Start of WORKING DATA

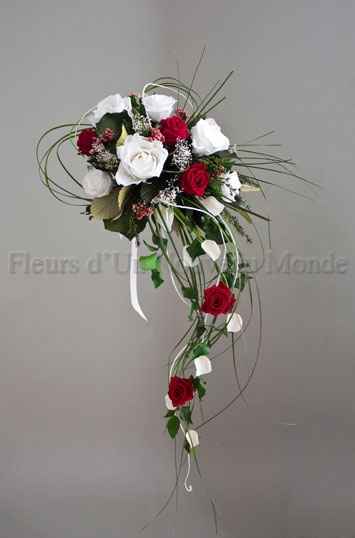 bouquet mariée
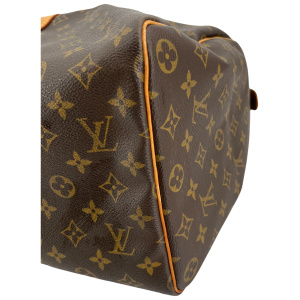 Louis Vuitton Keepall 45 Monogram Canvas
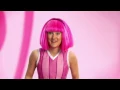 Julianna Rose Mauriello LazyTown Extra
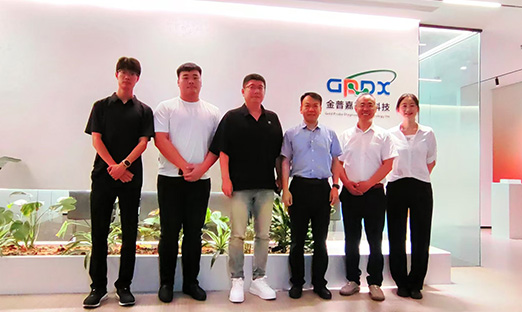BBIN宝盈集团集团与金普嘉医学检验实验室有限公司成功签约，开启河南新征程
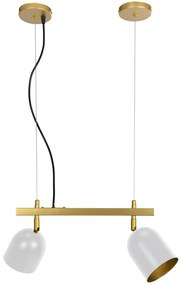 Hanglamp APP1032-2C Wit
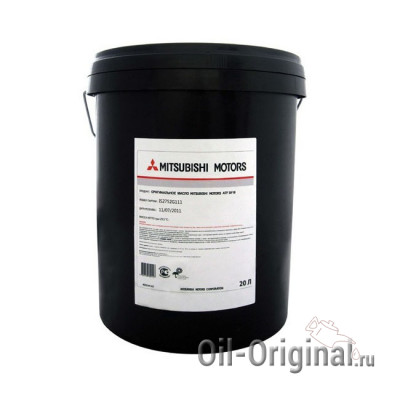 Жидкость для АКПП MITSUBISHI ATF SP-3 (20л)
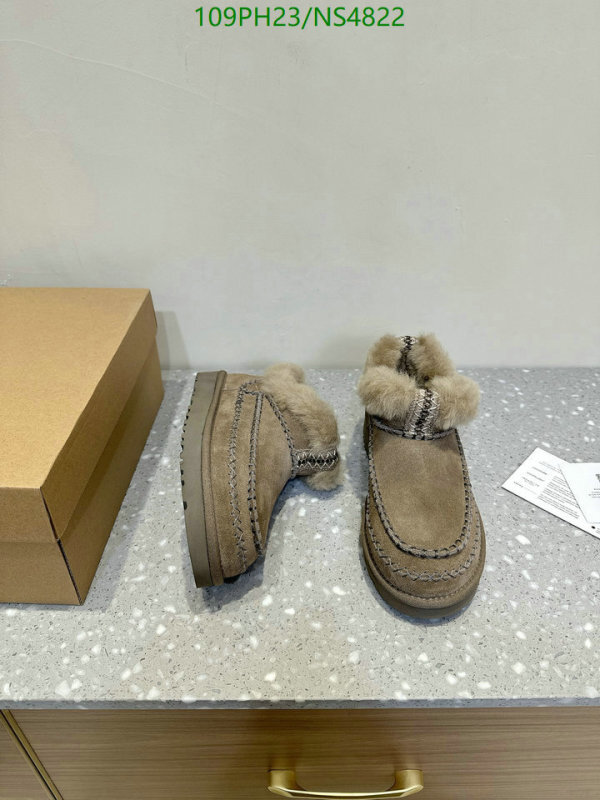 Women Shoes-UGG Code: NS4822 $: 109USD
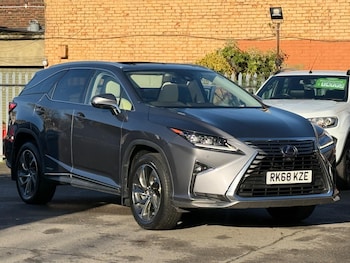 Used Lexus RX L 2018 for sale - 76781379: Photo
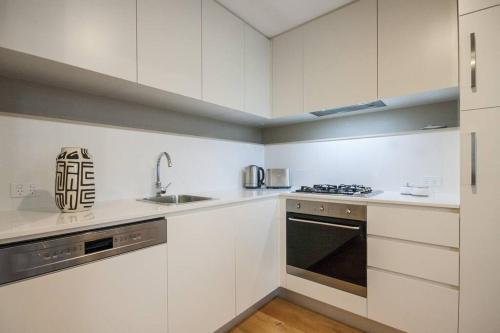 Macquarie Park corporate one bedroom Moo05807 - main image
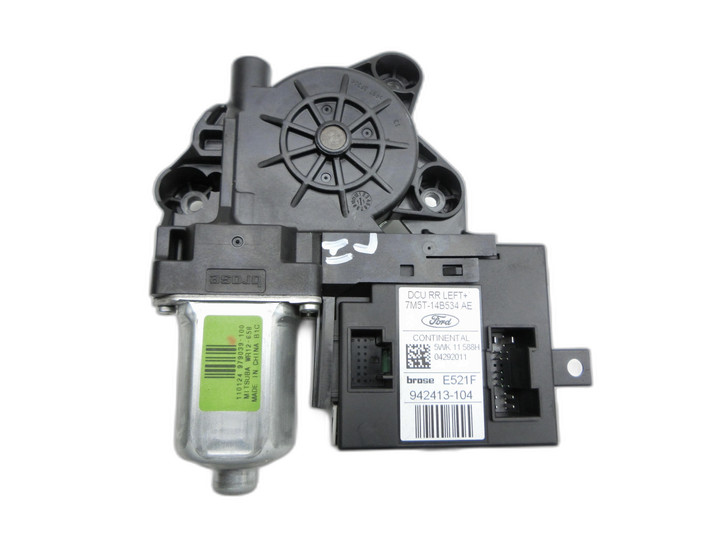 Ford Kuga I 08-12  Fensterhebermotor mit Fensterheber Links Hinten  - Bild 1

End of WORKING DATA
Start of WORKING DATA

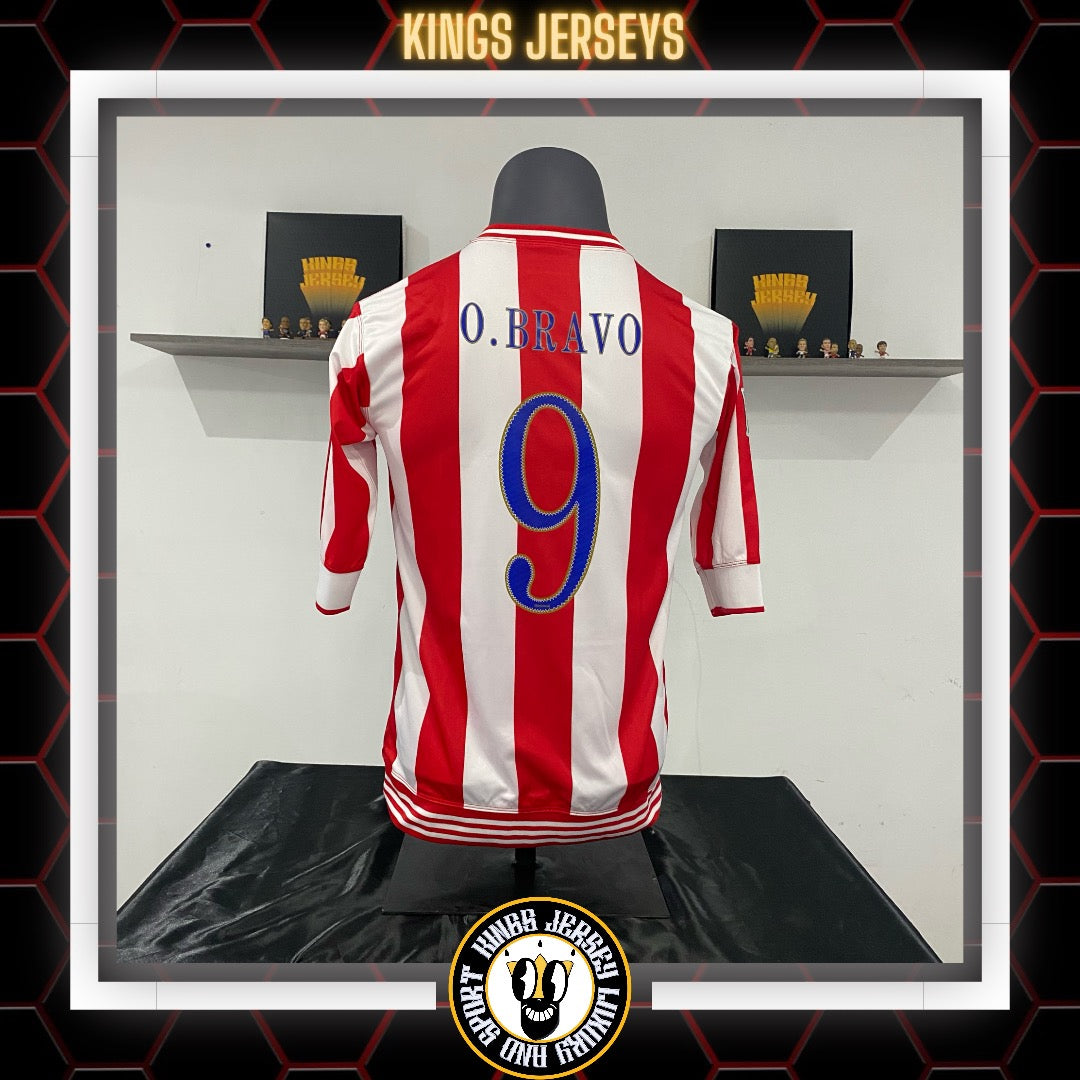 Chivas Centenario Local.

End of WORKING DATA
Start of WORKING DATA

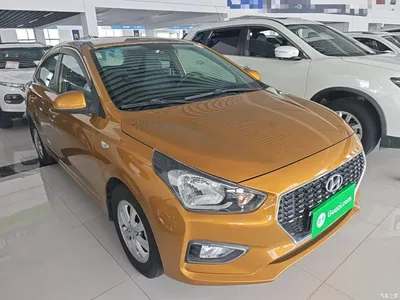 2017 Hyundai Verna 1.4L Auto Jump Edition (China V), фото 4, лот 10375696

End of WORKING DATA

Among the entries above, find the line with "bouquet mariée" and repeat exactly from there through the line with "Ford Kuga I", leaving out the pictures.

 bouquet mariée
 Louis Vuitton Keepall 45 Monogram Canvas
 Julianna Rose Mauriello LazyTown Extra
BBIN宝盈集团集团与金普嘉医学检验实验室有限公司成功签约，开启河南新征程
 Hanglamp APP1032-2C Wit
 Жидкость для АКПП MITSUBISHI ATF SP-3 (20л)
 Women Shoes-UGG Code: NS4822 $: 109USD
 Used Lexus RX L 2018 for sale - 76781379: Photo
 Macquarie Park corporate one bedroom Moo05807 - main image
 Ford Kuga I 08-12  Fensterhebermotor mit Fensterheber Links Hinten  - Bild 1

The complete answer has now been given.